Torno da via della Torre, in visita all’anziana genitrice, e more solito mi trovo imbottigliato al semaforo del ponte del Duomo, congestionato da lavori di biblica durata. Di solito mi fisso su lavori di ingegneria nasale del conducente della vettura che mi affianca, ma stamani, le meccaniche celesti hanno voluto che il mio sguardo corresse altrove. In alto a destra per la precisione…e ciò che ho visto mi ha provocato una stretta al cuore. La forza dell’abitudine vedendo Cecco chiuso: “ma che è lunedì?”. Poi mi rinvengo, come si dice a Pescia, e realizzo che per quel posto magico, sono tanti anni che è sempre lunedì.

Ho avuto un moto di irrefrenabile malinconia. Confesso, ho fatto l’Università in quel luogo dell’anima, più fortunato dei miei genitori, che la frequentarono invece nell’altrettanto pesciatino Ateneo della Del Magro.

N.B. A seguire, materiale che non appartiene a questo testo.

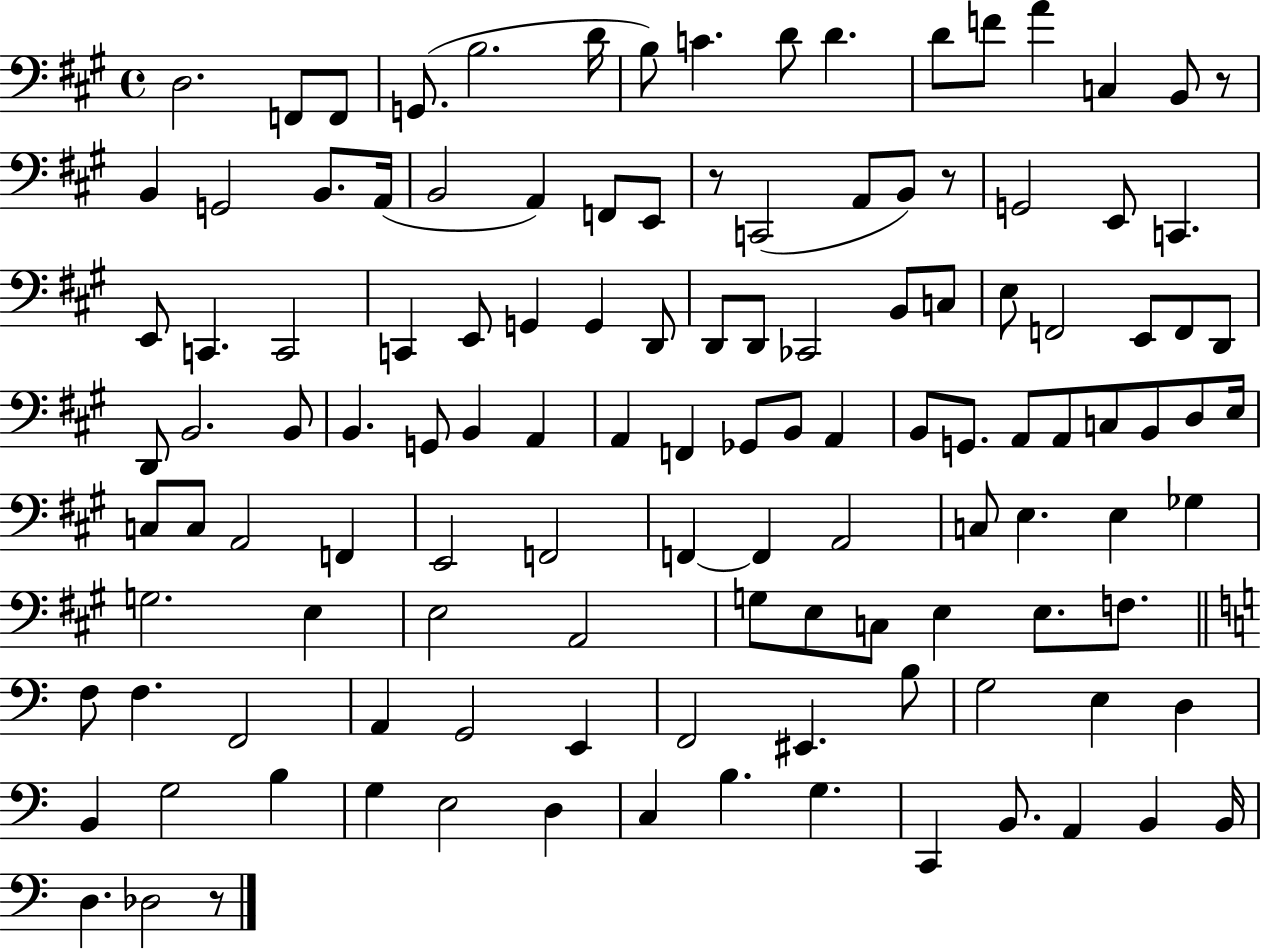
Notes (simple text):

D3/h. F2/e F2/e G2/e. B3/h. D4/s B3/e C4/q. D4/e D4/q. D4/e F4/e A4/q C3/q B2/e R/e B2/q G2/h B2/e. A2/s B2/h A2/q F2/e E2/e R/e C2/h A2/e B2/e R/e G2/h E2/e C2/q. E2/e C2/q. C2/h C2/q E2/e G2/q G2/q D2/e D2/e D2/e CES2/h B2/e C3/e E3/e F2/h E2/e F2/e D2/e D2/e B2/h. B2/e B2/q. G2/e B2/q A2/q A2/q F2/q Gb2/e B2/e A2/q B2/e G2/e. A2/e A2/e C3/e B2/e D3/e E3/s C3/e C3/e A2/h F2/q E2/h F2/h F2/q F2/q A2/h C3/e E3/q. E3/q Gb3/q G3/h. E3/q E3/h A2/h G3/e E3/e C3/e E3/q E3/e. F3/e. F3/e F3/q. F2/h A2/q G2/h E2/q F2/h EIS2/q. B3/e G3/h E3/q D3/q B2/q G3/h B3/q G3/q E3/h D3/q C3/q B3/q. G3/q. C2/q B2/e. A2/q B2/q B2/s D3/q. Db3/h R/e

Fu una gloria cittadina, una vera istituzione. La vetrina che occhieggia come un orbita ormai vuota, mi appare come una lacerazione nel tessuto gastro-culturale della città, come una deiezione su una candida tovaglia di Fiandra.

Non è esistita ricorrenza che non abbia visto i miei concittadini “passare la piazza” come sentenziato dal Sainale, in virtù della favorevole prospettiva, essendo Lui selvaggina stanziale presso il dirimpettaio Bar Pult.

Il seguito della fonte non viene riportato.